# What the exercise asks:
Search the records for "Park". Report every line where it occurs.

# Exercise data:
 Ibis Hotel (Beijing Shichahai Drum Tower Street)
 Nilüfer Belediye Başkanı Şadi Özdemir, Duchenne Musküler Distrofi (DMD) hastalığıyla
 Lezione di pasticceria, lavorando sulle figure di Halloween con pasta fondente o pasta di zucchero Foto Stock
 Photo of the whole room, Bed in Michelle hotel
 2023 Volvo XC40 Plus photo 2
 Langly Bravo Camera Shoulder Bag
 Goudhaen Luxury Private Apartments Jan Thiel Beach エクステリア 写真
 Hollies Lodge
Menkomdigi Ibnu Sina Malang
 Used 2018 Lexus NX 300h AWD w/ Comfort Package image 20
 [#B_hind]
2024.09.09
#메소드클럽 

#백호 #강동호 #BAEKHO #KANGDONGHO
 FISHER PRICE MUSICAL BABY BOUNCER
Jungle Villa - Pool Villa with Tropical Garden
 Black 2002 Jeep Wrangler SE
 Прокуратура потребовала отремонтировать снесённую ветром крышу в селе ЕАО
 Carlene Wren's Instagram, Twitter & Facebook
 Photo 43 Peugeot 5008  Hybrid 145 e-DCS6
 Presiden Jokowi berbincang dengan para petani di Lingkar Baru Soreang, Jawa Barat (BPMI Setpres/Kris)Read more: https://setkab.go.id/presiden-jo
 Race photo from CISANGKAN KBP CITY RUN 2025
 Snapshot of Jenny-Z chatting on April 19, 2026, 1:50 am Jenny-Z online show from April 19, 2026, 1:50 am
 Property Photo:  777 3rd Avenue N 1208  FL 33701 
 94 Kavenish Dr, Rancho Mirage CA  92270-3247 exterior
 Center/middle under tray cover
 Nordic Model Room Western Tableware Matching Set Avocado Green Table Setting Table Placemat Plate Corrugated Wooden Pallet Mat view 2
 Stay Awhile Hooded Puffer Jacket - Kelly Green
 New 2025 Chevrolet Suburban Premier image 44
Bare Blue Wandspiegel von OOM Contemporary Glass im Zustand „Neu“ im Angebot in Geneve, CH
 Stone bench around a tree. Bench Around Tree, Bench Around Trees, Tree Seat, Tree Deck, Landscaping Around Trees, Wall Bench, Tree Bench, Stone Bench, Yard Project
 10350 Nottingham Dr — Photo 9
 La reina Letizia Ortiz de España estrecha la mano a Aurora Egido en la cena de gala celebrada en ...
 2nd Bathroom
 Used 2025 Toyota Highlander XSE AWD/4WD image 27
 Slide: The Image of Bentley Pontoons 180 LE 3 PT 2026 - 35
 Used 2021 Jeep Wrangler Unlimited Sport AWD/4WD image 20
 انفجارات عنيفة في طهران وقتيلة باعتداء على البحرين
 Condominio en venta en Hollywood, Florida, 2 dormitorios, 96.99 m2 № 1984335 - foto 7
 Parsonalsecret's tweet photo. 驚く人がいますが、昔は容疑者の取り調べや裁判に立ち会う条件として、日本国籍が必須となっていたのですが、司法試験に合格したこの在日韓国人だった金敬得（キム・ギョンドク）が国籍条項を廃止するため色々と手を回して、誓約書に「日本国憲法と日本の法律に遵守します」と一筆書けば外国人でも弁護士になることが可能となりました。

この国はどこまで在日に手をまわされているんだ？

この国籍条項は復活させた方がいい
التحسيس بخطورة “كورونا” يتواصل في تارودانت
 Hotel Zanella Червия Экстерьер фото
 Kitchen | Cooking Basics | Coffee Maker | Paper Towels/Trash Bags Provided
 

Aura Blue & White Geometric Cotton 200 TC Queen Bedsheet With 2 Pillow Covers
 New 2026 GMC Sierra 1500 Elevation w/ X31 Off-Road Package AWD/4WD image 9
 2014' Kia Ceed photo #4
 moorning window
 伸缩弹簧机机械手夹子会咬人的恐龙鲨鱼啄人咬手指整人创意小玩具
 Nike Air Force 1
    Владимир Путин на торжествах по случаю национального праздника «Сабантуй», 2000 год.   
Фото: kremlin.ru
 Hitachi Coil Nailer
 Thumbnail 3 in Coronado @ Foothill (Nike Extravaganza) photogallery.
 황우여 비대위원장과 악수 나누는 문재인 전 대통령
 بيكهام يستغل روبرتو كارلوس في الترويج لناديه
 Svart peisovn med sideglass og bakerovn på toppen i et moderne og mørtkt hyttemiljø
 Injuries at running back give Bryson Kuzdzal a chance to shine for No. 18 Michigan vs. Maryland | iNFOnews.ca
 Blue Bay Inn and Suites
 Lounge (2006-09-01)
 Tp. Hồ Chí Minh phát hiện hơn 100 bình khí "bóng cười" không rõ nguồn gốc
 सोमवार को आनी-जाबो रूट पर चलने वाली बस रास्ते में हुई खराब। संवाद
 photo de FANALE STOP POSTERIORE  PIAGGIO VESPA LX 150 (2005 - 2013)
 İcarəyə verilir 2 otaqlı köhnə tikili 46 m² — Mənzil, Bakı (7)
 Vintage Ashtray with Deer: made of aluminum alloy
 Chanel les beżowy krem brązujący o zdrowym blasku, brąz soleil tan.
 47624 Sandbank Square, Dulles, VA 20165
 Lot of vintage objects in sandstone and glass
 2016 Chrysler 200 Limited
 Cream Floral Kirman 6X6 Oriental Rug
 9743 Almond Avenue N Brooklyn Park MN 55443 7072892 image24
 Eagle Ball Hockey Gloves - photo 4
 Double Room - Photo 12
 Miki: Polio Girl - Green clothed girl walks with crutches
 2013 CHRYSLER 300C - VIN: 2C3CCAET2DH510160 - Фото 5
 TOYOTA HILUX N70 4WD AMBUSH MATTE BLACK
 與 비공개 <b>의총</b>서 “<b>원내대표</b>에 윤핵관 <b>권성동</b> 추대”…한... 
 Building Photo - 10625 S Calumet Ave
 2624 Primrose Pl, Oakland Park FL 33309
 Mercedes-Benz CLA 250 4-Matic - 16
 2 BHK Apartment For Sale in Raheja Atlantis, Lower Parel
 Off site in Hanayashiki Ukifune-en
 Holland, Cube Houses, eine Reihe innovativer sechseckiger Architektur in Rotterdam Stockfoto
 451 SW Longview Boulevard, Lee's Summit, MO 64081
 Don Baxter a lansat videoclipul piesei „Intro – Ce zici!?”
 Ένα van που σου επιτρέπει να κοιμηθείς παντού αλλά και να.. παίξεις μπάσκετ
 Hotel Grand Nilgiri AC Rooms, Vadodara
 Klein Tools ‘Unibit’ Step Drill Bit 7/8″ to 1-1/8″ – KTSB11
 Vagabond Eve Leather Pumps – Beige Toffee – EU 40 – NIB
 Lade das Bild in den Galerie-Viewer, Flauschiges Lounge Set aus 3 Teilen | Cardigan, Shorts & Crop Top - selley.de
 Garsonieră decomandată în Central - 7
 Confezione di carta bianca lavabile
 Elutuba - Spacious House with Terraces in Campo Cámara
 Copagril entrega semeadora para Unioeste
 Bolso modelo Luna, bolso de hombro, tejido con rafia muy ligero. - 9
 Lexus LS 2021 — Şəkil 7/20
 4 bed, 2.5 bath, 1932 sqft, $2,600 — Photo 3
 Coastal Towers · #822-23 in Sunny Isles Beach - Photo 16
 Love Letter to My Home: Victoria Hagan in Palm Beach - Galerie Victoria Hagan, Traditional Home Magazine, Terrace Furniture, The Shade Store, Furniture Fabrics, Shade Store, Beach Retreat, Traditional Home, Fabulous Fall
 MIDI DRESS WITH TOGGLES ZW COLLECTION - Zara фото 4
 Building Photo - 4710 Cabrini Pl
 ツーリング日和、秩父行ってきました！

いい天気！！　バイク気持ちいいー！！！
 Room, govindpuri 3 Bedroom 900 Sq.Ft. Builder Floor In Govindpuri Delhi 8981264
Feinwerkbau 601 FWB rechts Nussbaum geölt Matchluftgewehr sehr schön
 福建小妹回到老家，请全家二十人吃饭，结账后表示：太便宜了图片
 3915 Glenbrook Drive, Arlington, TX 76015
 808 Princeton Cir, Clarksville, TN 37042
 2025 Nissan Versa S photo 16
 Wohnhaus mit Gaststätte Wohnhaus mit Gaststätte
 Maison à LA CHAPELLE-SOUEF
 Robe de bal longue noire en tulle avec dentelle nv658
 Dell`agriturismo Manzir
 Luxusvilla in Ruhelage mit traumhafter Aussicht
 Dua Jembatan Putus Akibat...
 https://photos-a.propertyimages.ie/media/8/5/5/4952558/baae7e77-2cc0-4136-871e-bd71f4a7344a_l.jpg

# Response:
 9743 Almond Avenue N Brooklyn Park MN 55443 7072892 image24
 2624 Primrose Pl, Oakland Park FL 33309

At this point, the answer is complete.